Perhaps the similarity in sound gave her a push to learn ‘dog’ and ‘duck’ early. I doubt whether she had seen a duck by that age, but ducks did feature in some of her books, including ones where a duck hides on every page. I suspect she had seen dogs both in books and in real life.
Cars and keys must have figured in her mind very prominently for them to become 3 of her first 7 words. And ‘carkey’ was her 1st two-syllable word.
The youngest one’s cousin is 20 months old. From the 3 days we spent with her, I guess that she can produce several dozen words. Her words too are almost all names and nouns. I did hear one adjective (cold). Also, she produced 2 or 3 words that were probably nouns, but might have been the homophonous verb (eg walk).
She is still definitely at the ‘one-word’ stage, just producing single words and not combining them. Children generally start joining 2 words together by just before, or just after, their 2nd birthday. She did say one thing that made me wonder whether she may be about to start doing that. She pointed at a glass and said ‘drink’, then after a short pause she pointed at it again and said ‘cold’. Because she paused and pointed twice, this was probably 2 separate statements, but maybe she was trying to link the words into a single statement.
Not just things she can see
She can already use words to refer to something not in her sight, and is just starting to use words referring to more abstract concepts. We went for a few walks, but on several occasions she decided that she wanted to go for a walk. She would do this by one (or usually several!) of the following words and actions:
- saying ‘coat’ or ‘shoes’, perhaps also pointing in the rough direction of where her coat and shoes are kept (though not being able to see them).
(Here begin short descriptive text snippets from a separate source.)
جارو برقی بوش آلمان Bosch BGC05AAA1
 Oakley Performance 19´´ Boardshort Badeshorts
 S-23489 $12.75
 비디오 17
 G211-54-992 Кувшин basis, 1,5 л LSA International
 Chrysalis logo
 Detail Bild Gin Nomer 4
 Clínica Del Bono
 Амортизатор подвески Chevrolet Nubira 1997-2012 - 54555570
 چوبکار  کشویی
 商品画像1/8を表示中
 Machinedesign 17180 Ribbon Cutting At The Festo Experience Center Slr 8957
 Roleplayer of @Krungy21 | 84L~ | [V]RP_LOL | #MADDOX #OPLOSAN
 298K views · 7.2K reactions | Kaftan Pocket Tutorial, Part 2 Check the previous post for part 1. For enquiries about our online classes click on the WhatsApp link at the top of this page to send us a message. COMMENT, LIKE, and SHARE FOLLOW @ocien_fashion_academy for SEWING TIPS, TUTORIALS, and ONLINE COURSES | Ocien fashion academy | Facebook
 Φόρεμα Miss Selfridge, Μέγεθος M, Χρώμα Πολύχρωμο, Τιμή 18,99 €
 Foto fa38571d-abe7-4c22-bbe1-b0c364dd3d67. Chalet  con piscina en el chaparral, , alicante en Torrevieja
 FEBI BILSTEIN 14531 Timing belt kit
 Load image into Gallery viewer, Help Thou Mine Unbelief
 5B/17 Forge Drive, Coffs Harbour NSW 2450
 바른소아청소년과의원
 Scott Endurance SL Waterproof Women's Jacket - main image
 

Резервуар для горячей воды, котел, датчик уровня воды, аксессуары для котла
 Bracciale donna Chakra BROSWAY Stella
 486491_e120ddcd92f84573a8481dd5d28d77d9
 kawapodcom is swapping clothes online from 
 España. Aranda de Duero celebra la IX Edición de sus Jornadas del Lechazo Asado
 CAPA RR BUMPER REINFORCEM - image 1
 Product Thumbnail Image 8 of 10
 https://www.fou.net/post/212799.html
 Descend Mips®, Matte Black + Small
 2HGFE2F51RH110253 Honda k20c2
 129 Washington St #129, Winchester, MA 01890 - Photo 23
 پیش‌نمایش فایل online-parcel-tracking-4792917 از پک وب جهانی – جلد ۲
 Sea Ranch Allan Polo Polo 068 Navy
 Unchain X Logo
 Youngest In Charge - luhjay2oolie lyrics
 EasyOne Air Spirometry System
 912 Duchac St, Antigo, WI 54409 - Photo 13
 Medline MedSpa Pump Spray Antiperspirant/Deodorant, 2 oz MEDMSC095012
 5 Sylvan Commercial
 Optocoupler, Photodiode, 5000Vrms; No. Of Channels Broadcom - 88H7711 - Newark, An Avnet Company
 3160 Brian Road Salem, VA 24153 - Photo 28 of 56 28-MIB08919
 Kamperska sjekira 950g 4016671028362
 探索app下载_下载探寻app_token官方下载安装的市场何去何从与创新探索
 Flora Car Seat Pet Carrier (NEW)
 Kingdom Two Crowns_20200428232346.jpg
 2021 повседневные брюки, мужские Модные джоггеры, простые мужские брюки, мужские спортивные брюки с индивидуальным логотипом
- saying ‘car’ and pointing vigorously at the window. The car is generally parked there, but she can’t usually see the car. (Many walks with her start with a short car journey to get to a park.)
- saying ‘walk’.
Her pronunciation is already much clearer and cleaner than her younger cousin. Of course, she still pronounces words like a young child, not like an adult, but I heard only a couple of things that differ strikingly from adult pronunciation:
- she pronounces ‘coat’ like ‘goat’, with the voiced consonant [g] instead of its unvoiced counterpart [c]. Excessive voicing is a common feature of pronunciation by young children. Learning some English Consonants – Language Miscellany
- her pronunciation of the initial consonant in ‘shoe’ is somewhat indistinct.